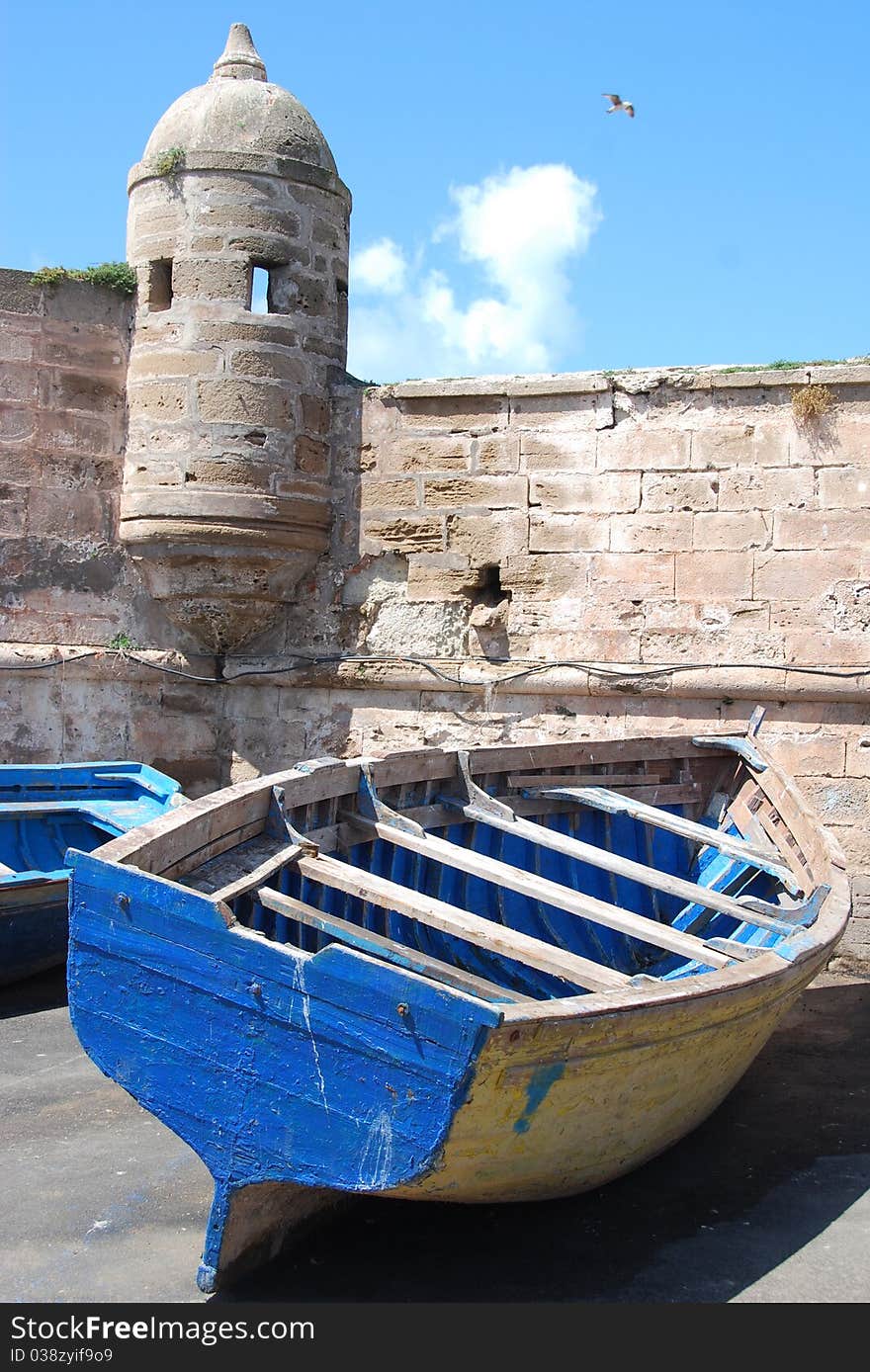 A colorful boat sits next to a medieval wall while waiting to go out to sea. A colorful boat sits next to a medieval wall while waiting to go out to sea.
--
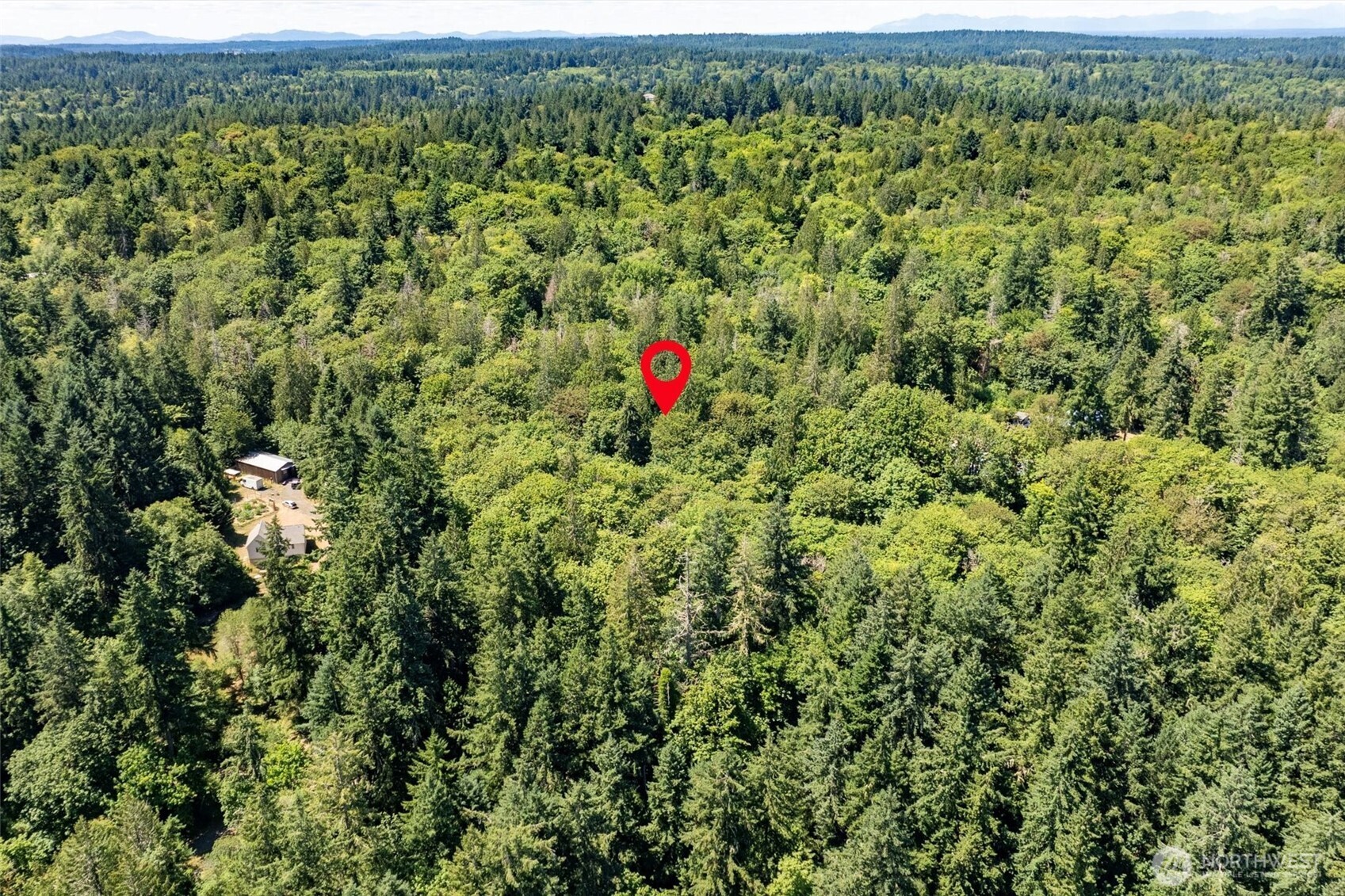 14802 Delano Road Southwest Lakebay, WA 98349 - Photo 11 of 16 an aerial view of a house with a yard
--
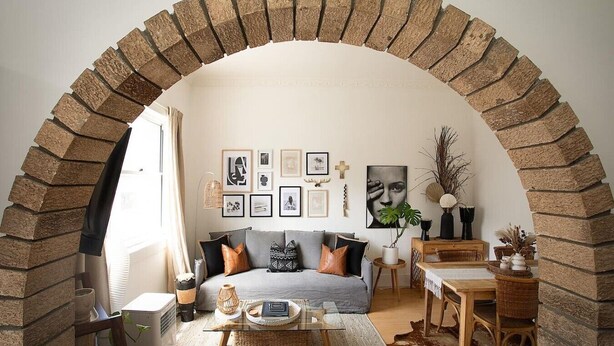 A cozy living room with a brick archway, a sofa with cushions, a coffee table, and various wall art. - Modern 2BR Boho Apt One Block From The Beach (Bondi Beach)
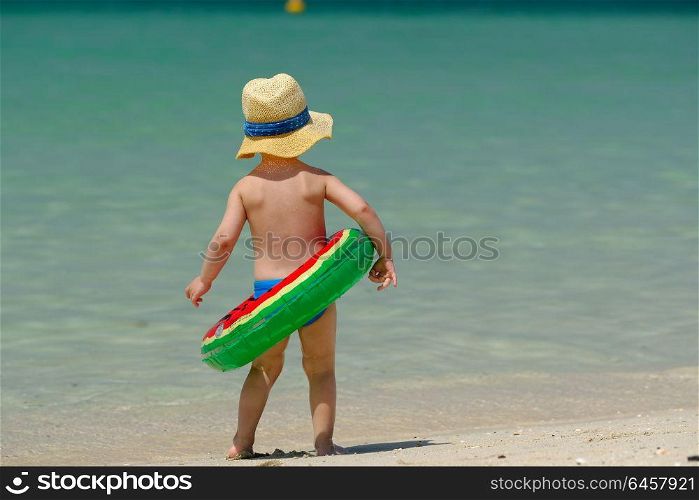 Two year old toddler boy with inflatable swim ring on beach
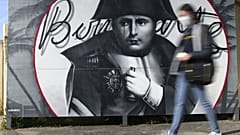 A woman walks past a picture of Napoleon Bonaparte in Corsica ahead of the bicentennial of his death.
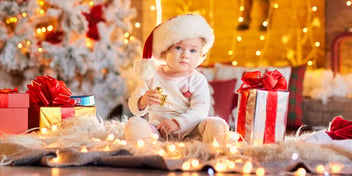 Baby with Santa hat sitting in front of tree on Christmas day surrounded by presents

▸ **Task requirements**
Nothing but the lines above from the one that has "A cozy living" down to the one that has "Two year old" belongs in the answer, copied exactly, without pictures.

▸ **Task result**
 A cozy living room with a brick archway, a sofa with cushions, a coffee table, and various wall art. - Modern 2BR Boho Apt One Block From The Beach (Bondi Beach)
 Two year old toddler boy with inflatable swim ring on beach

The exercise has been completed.